Exhibit 5.1
January 29, 2021
Atkore International Group Inc.
16100 South Lathrop Avenue
Harvey, Illinois 60426
Registration Statement on Form S-8
of Atkore International Group Inc.
Ladies and Gentlemen:
We have acted as special counsel to Atkore International Group Inc., a Delaware corporation (the “Company”), in connection with the filing with the U.S. Securities and Exchange Commission (the “Commission”) under the Securities Act
of 1933, as amended (the “Act”), of a Registration Statement on Form S-8 (the “Registration Statement”), relating to the registration of up to 2,616,828 shares of the Company’s Common Stock, par value $0.01 per share (the “Common
Stock”), which may be issued pursuant to the Atkore International Group Inc. 2020 Omnibus Incentive Plan (the “Plan”).

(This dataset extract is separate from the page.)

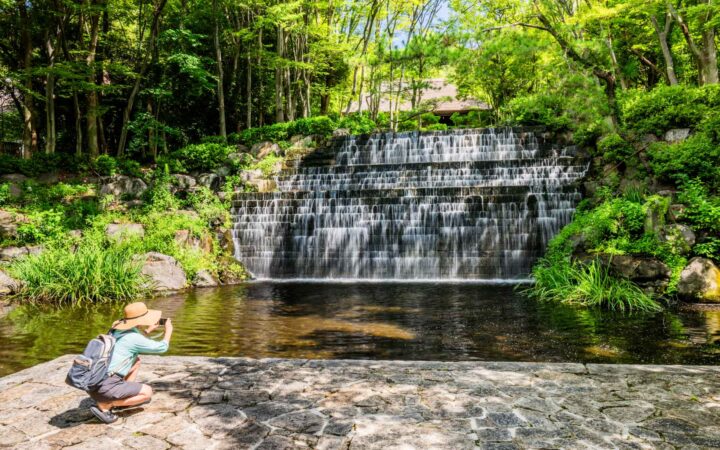 Woman in shorts & sun hat kneels atop stone pavilion to photograph a cascading waterfall among bright green trees in Japan.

In rendering the opinion expressed below, we have (a) examined the originals, or copies certified or otherwise identified to our satisfaction, of the Plan and such agreements, documents and records of the Company and such other
instruments and certificates of public officials, officers and representatives of the Company and others as we have deemed necessary or appropriate for the purposes of such opinion, (b) relied as to factual matters upon, and have assumed the
accuracy of, the statements made in such agreements, documents, records, instruments and certificates and (c) made such investigations of law as we have deemed necessary or appropriate as a basis for such opinion. In rendering the opinion
expressed below, we have assumed, with your permission, without independent investigation or inquiry, (i) the authenticity and completeness of all documents submitted to us as originals, (ii) the genuineness of all signatures on all
documents that we examined, (iii) the conformity to authentic originals and completeness of documents submitted to us as certified, conformed or reproduction copies and (iv) the legal capacity of all natural persons executing
documents.
Based upon and subject to the foregoing and the assumptions, qualifications and limitations hereinafter set forth, we are of the opinion that the 2,616,828 shares of Common Stock that are reserved for issuance pursuant to the Plan have been duly
authorized and, when issued in accordance with the terms of the Plan, will be validly issued, fully paid and non-assessable.
We hereby consent to the filing of this opinion as an exhibit to the Registration Statement. In giving such consent, we do not concede that we are within the category of persons whose consent is required under Section 7 of the Act or the rules
and regulations of the Commission thereunder.
We are members of the bar of the State of New York. We express no opinion as to the laws of any jurisdiction other than the General Corporation Law of the State of Delaware, as currently in effect.